--- ENTRIES SHOWN Enclosed Below ---

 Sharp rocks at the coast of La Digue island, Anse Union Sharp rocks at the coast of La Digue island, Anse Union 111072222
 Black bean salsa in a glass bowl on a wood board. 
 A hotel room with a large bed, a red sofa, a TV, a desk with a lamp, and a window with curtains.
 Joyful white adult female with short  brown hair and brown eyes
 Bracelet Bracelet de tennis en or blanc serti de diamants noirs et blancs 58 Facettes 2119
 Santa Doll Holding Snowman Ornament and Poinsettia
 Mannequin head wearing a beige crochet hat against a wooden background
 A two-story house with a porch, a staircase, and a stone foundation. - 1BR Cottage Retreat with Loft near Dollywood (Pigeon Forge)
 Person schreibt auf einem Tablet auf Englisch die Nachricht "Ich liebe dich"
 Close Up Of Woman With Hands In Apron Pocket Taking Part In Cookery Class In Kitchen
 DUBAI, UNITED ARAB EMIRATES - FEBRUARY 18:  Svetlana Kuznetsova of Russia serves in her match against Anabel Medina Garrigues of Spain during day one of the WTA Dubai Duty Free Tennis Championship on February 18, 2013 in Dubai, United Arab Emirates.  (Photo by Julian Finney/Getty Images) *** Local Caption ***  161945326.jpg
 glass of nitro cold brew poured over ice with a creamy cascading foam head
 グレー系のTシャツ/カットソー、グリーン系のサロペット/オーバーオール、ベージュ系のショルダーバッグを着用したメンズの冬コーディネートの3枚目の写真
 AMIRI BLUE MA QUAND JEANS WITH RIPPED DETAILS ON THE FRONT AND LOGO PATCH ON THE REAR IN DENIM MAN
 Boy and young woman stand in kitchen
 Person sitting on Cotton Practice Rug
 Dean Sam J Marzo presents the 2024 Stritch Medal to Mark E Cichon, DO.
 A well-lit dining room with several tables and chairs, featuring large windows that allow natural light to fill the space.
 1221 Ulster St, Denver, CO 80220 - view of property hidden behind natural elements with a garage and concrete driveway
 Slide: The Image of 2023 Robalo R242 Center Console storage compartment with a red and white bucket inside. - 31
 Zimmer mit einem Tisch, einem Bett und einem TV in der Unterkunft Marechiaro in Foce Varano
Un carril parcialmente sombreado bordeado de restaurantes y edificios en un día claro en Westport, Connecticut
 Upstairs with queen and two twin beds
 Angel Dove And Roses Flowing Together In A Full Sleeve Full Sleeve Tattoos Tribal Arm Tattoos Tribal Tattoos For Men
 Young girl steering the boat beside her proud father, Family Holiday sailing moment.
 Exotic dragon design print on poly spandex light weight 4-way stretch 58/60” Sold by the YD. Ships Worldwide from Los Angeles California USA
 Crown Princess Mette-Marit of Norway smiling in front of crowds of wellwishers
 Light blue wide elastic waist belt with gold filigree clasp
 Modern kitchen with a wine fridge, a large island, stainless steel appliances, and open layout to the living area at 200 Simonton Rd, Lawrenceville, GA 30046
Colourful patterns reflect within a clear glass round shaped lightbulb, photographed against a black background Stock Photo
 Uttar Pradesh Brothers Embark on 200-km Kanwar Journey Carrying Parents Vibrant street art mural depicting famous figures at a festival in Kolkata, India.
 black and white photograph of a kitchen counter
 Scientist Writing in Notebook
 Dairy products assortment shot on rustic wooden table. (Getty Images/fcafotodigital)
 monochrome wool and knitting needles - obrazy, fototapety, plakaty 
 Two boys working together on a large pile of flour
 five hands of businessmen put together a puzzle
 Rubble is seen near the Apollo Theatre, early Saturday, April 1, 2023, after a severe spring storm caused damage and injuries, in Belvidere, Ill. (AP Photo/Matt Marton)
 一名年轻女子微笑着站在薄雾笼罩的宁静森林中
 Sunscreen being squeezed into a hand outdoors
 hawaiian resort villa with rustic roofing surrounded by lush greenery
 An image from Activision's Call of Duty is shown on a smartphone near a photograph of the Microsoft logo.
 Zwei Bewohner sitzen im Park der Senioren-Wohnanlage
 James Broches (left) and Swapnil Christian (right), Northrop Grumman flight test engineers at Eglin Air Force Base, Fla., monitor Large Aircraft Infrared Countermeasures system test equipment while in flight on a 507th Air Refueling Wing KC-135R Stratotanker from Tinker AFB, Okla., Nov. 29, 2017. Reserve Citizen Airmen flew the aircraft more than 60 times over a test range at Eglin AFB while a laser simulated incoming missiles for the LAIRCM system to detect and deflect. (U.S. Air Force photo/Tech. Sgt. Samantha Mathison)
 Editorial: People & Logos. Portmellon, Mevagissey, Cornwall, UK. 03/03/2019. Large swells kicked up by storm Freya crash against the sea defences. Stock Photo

--- End of Enclosed ENTRIES SHOWN ---

What this exercise asks for is every line of the data above with the word "natural".

EXERCISE ANSWER:
 A well-lit dining room with several tables and chairs, featuring large windows that allow natural light to fill the space.
 1221 Ulster St, Denver, CO 80220 - view of property hidden behind natural elements with a garage and concrete driveway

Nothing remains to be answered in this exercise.